**REQUIRED WORK**:
Please restate the records that follow exactly, skipping their images.

Stored dataset items:
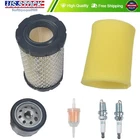Air Pre Filter Kit For Briggs & Stratton 590825 594201 591344 796031 652582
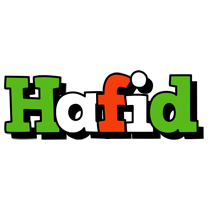 Hafid venezia logo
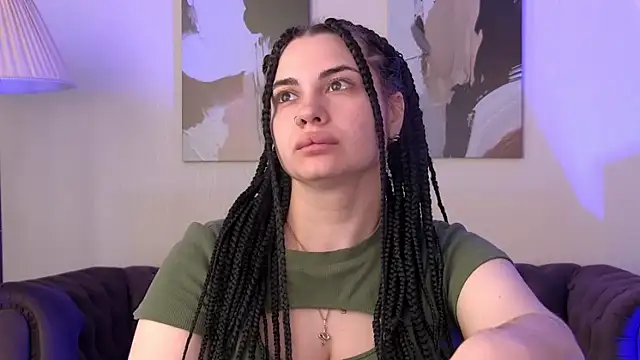 AdrianaToress webcam
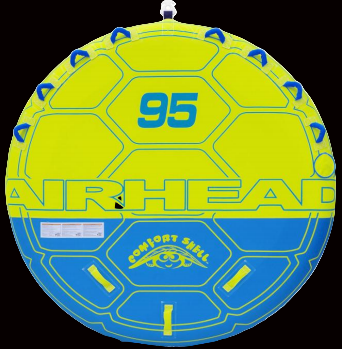 AIRHEAD SHELL DECK 95 4 PERSON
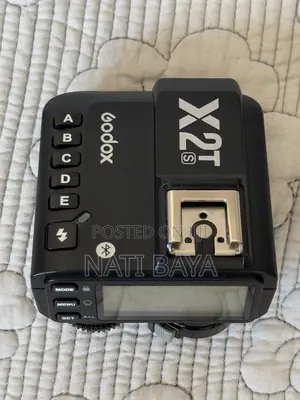 Photo - Godox X2 Trigger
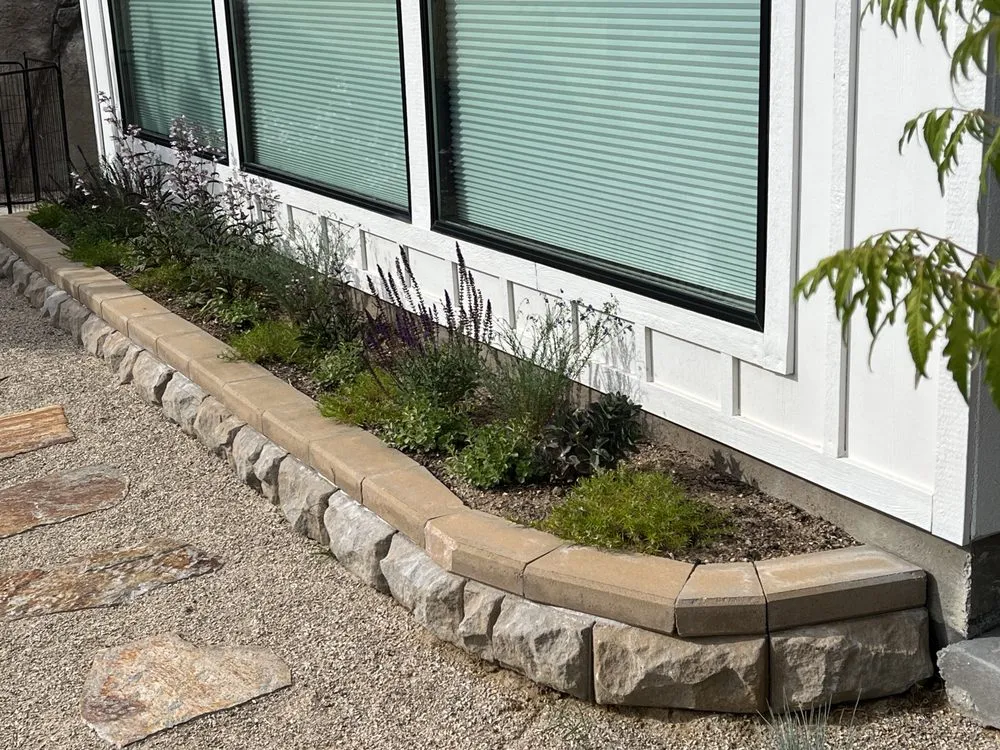 Custom residential landscaping experts serving Boise, ID - Mountain West Landscapes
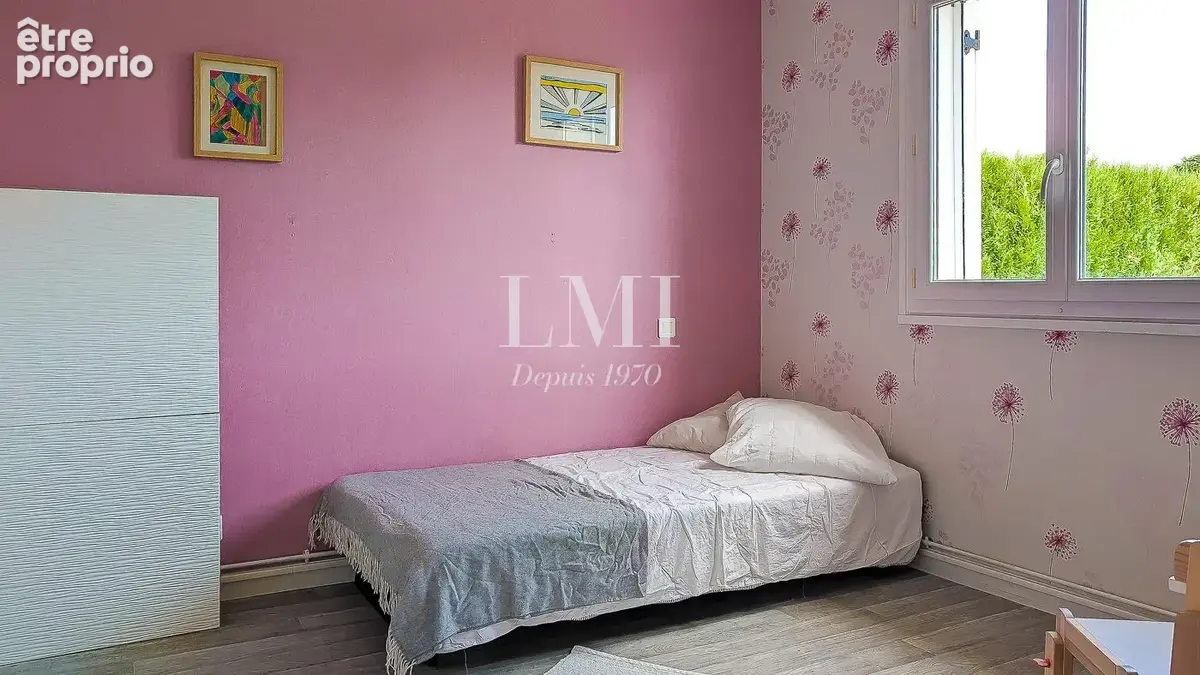Maison 135 m² à Plouhinec  - photo 7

**RESULT OF THIS TASK**:
Air Pre Filter Kit For Briggs & Stratton 590825 594201 591344 796031 652582
 Hafid venezia logo
 AdrianaToress webcam
 AIRHEAD SHELL DECK 95 4 PERSON
 Photo - Godox X2 Trigger
 Custom residential landscaping experts serving Boise, ID - Mountain West Landscapes
Maison 135 m² à Plouhinec  - photo 7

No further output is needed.